Netflix faces the opposite dynamic. The platform orders 200+ originals per year. Production teams juggle massive backlogs. The company’s data-driven approach leads to cancellations as often as renewals. Shows that survive often take 18 to 24 months to return, and some exceed 30. “Stranger Things” took nearly three years between its fourth and fifth seasons. (That wait becomes a feature, not a bug: it generates hype.) But for lesser-known series, the gap kills momentum. Viewers forget. They cancel their subscriptions.
Disney+ is constrained by its franchise system. Marvel and Star Wars shows require extensive pre-production, VFX, and reshoots. The gap between seasons of “The Mandalorian” stretched to 27 months for season three. Disney’s cycle is tied to its theatrical calendar; shows often serve as connective tissue for films. That dependency creates delays. Meanwhile, non-franchise content on Disney+ (like “The Kardashians” or “Only Murders”) comes from Hulu’s pipeline, not Disney’s.
What this means for viewers
The gap data has real consequences for cord-cutters.
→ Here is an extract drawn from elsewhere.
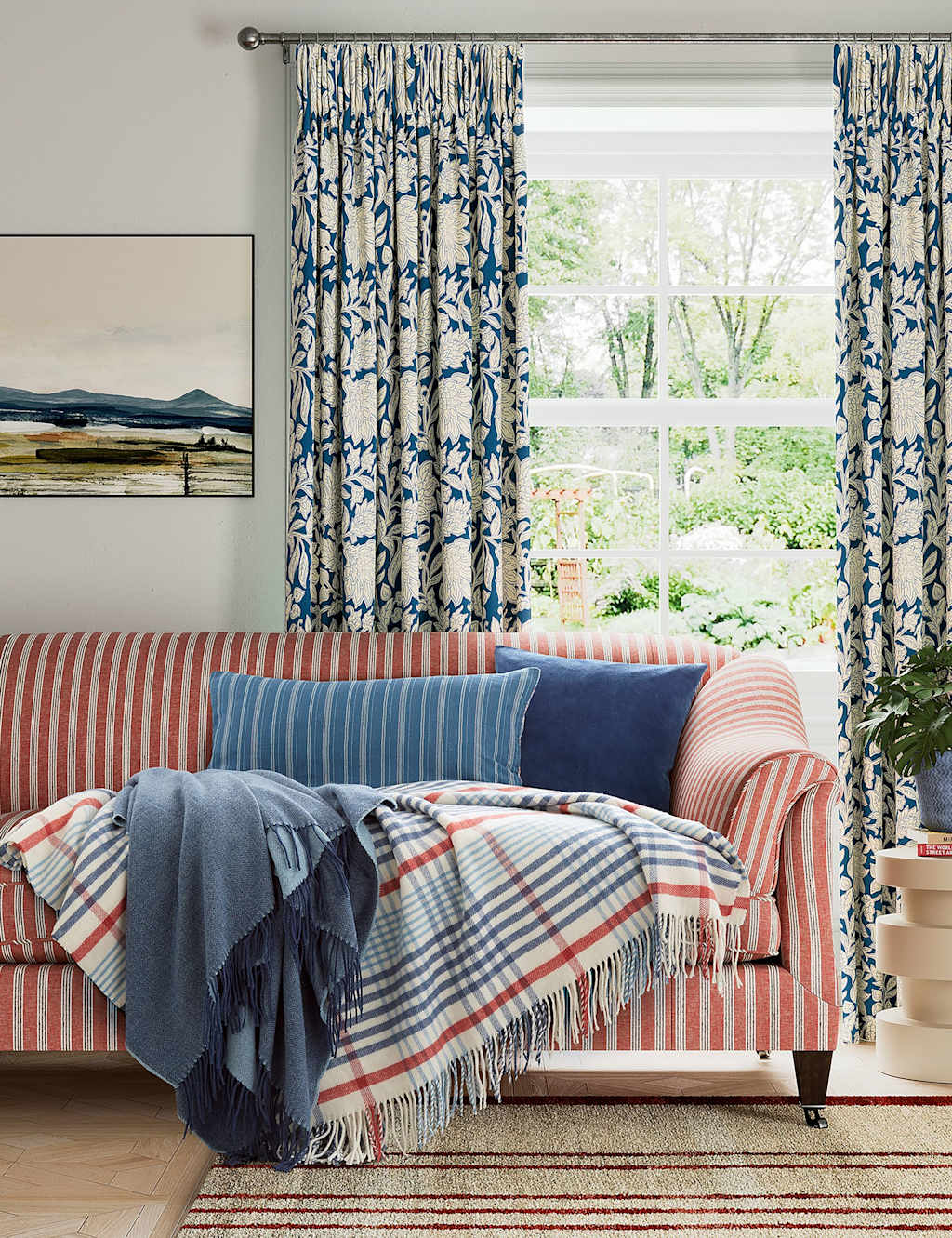 Land & Shore Wool Blend Checked Throw - Extra Large - Blue Mix - Available at M&S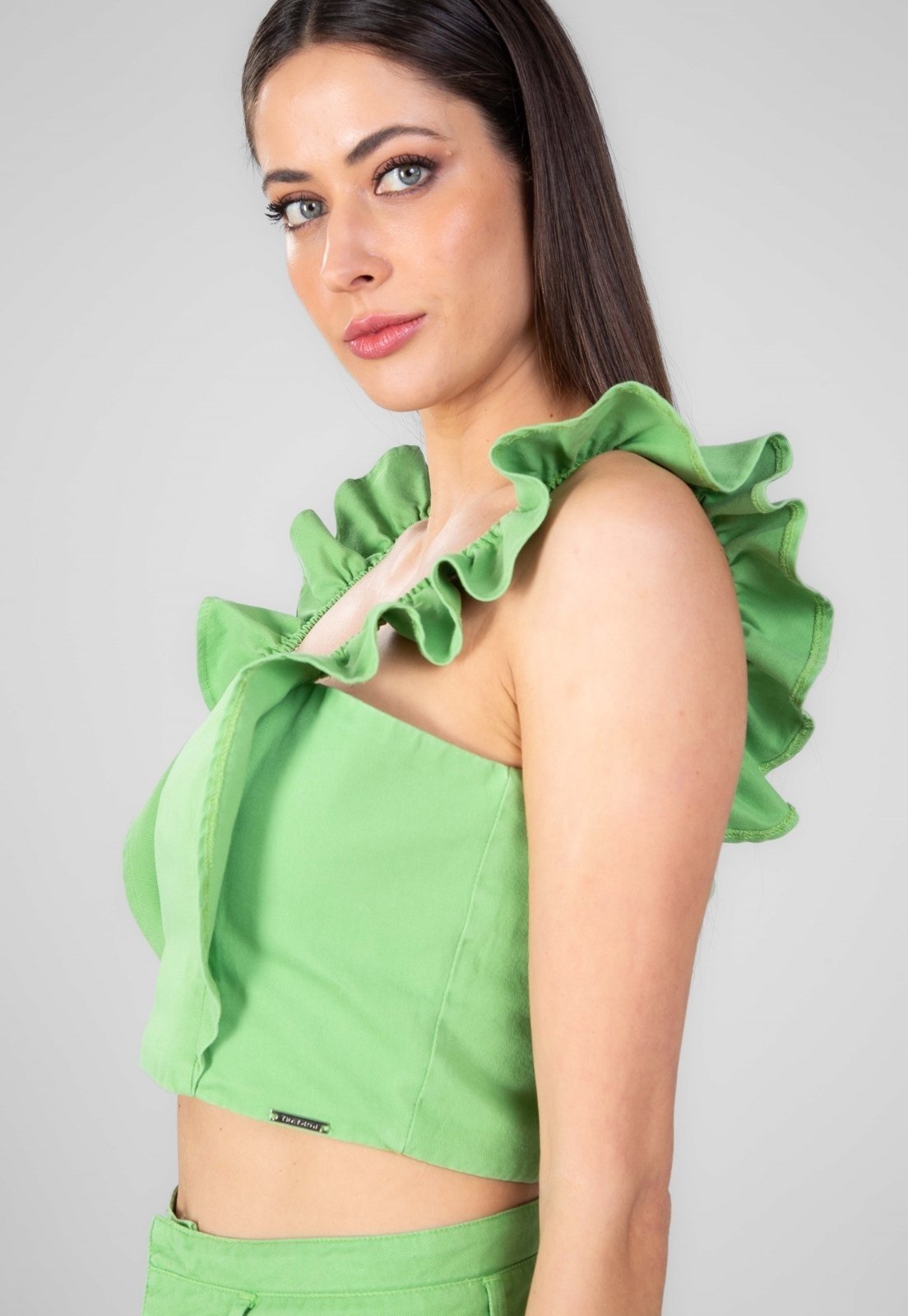 Vista 2 Blusa Cropped Traymon Com Babados Limão verde Traymon verde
A subscriber who signs up for Netflix to watch a specific show may wait 2.5 years for the next season. During that wait, they may cancel. The platform loses a subscriber. Then it spends money on marketing to win them back. That churn costs the industry billions annually. Reddit users in the r/cordcutters thread now recommend checking release schedules before committing to a platform. Advice: subscribe to Apple TV+ or Hulu if you want rapid returns. Avoid Netflix and Disney+ for time-sensitive series unless you are willing to wait.
A secondary effect: the gap influences which shows get cultural momentum. A 12-month gap keeps a show in the conversation. A 30-month gap forces reboots of marketing campaigns. (Viewers forget plotlines. They need recaps.) This dynamic pushes platforms toward a new strategy: treating streaming like cable. Weekly drops. Limited series. Planned multi-year arcs.
The cultural shift
The 21-month average is not an anomaly. It signals a maturation of the streaming industry. The era of box-set binges and instant season renewals is over. In its place, a slower, more deliberate cycle emerges. Apple TV+ and Hulu demonstrate that speed is possible when production volume is controlled. Netflix and Disney+ show that scale and speed rarely coexist. The Reddit thread captures a moment of audience frustration and pragmatism. Viewers are learning to navigate the new pacing.
Streaming platforms once sold the dream of unlimited, immediate content. The reality is different. Shows take time. Gaps are structural. The question is not whether a gap exists, but which platform minimizes the pain. Based on years of user data and production reports, the answer is clear: Apple TV+ and Hulu lead. Netflix and Disney+ lag. The rest of the industry is somewhere in between.